_Try it_. Without copying any picture, transcribe exactly the lines of the data below from the one containing "Camino de los" through the one containing "Röda bollformade blommor".

_Information supplied_.
Start of Block

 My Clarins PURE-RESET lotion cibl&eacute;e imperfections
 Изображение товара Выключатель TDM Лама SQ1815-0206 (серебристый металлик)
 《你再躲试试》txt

End of Block
Start of Block

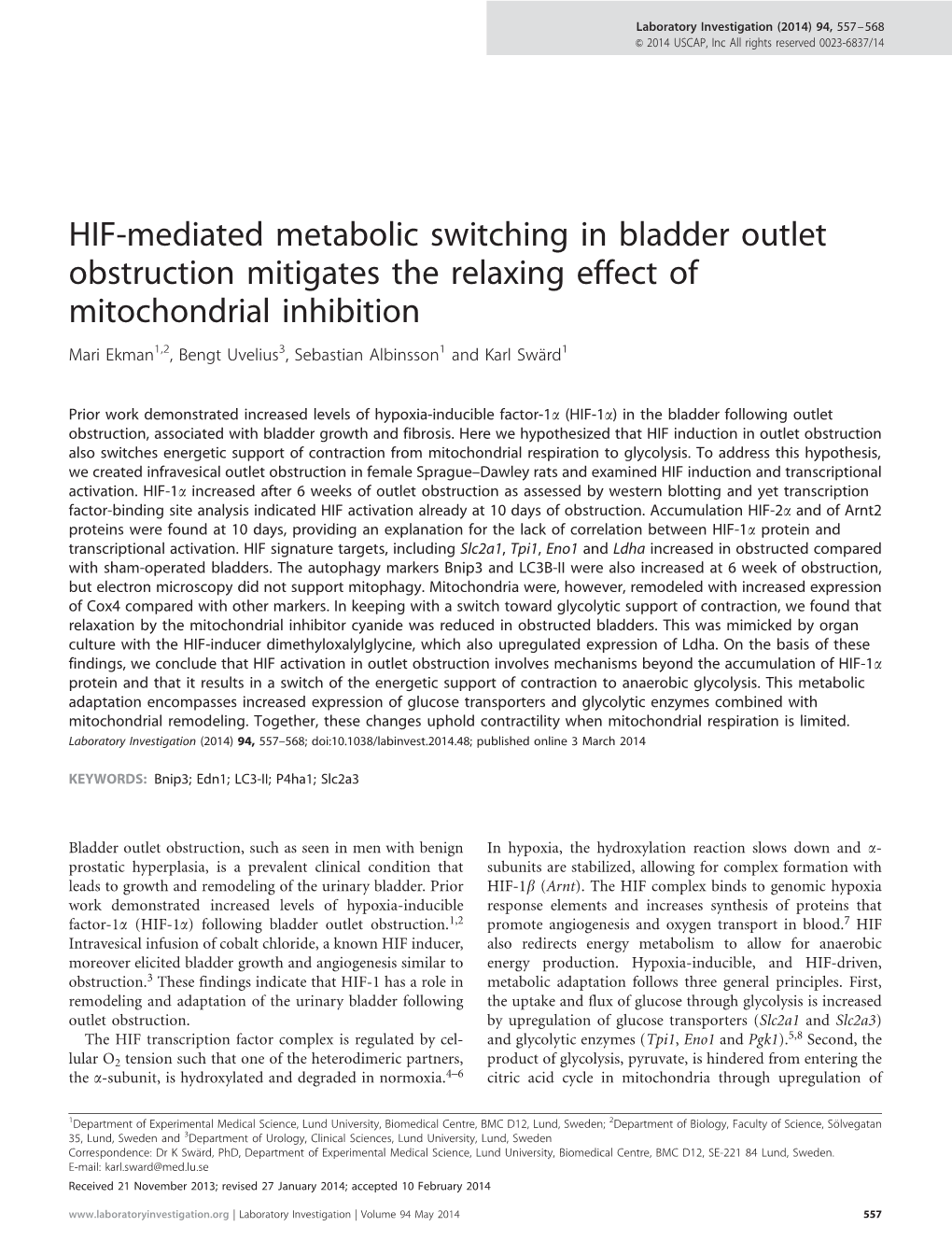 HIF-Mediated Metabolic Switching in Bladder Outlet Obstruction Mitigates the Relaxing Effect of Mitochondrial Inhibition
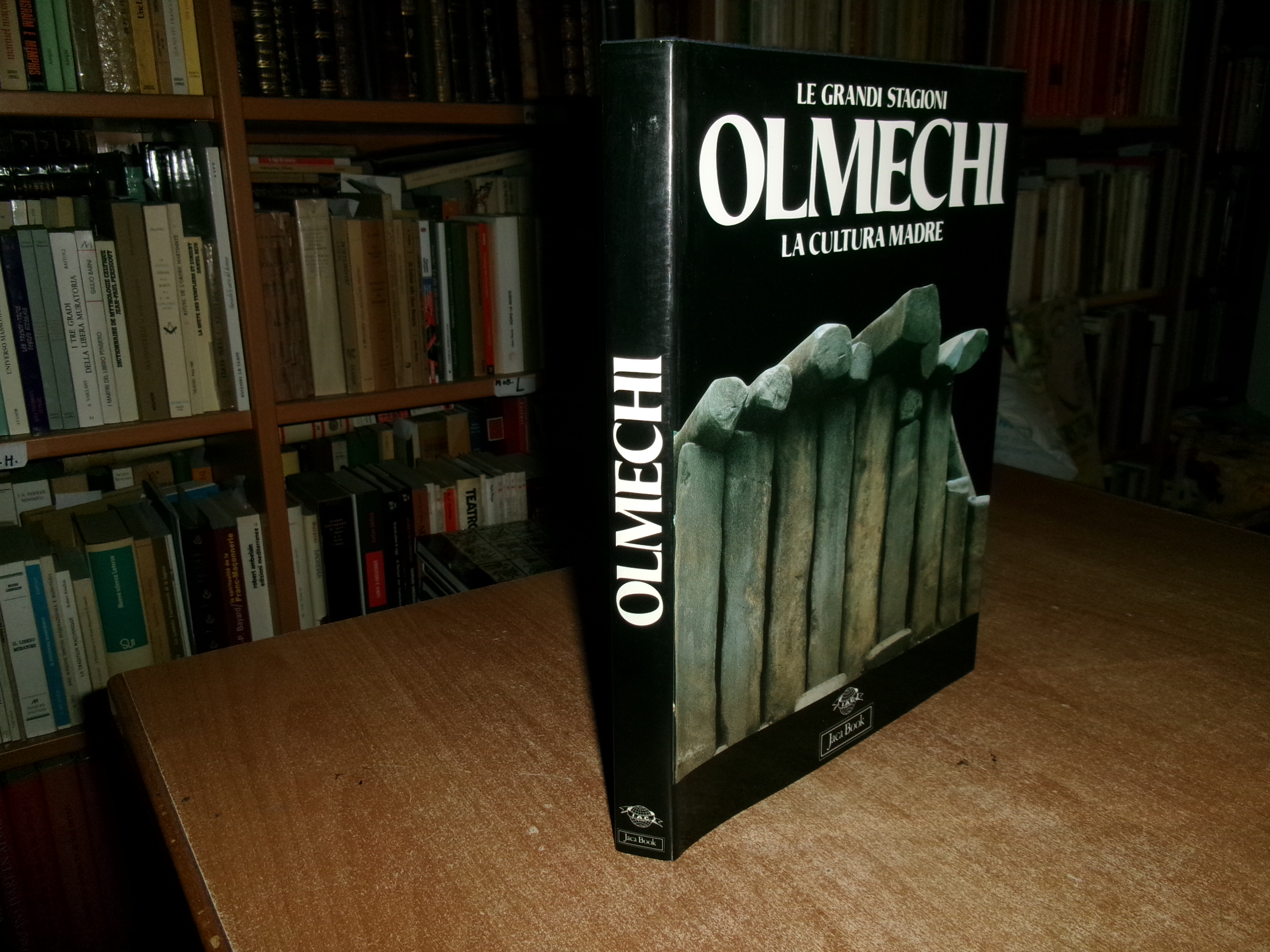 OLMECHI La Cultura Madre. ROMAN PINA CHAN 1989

End of Block
Start of Block

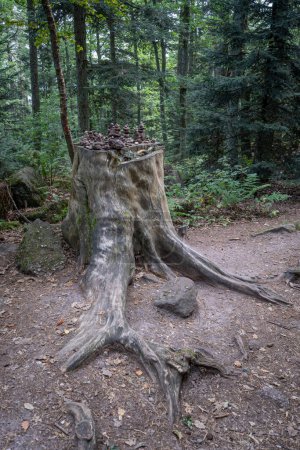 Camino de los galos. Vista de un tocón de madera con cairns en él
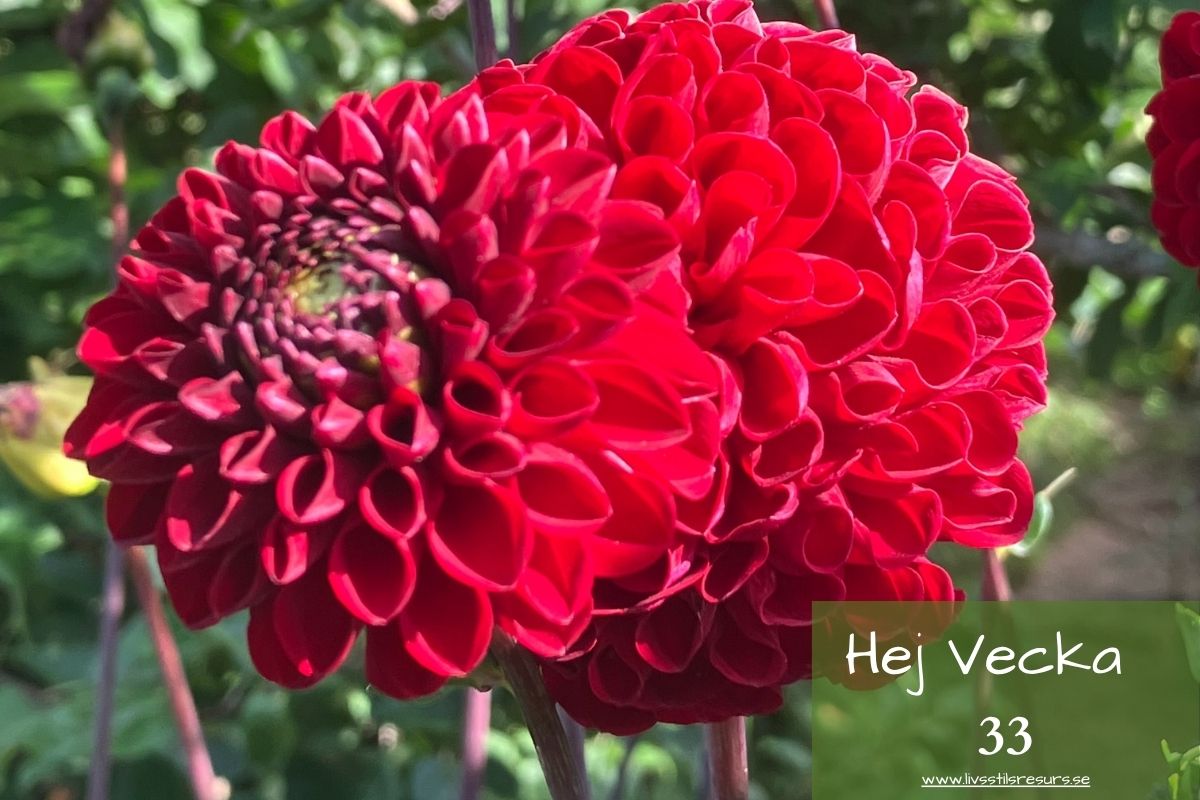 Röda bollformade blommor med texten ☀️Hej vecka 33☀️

End of Block

_Solution to the problem_.
 Camino de los galos. Vista de un tocón de madera con cairns en él
 Röda bollformade blommor med texten ☀️Hej vecka 33☀️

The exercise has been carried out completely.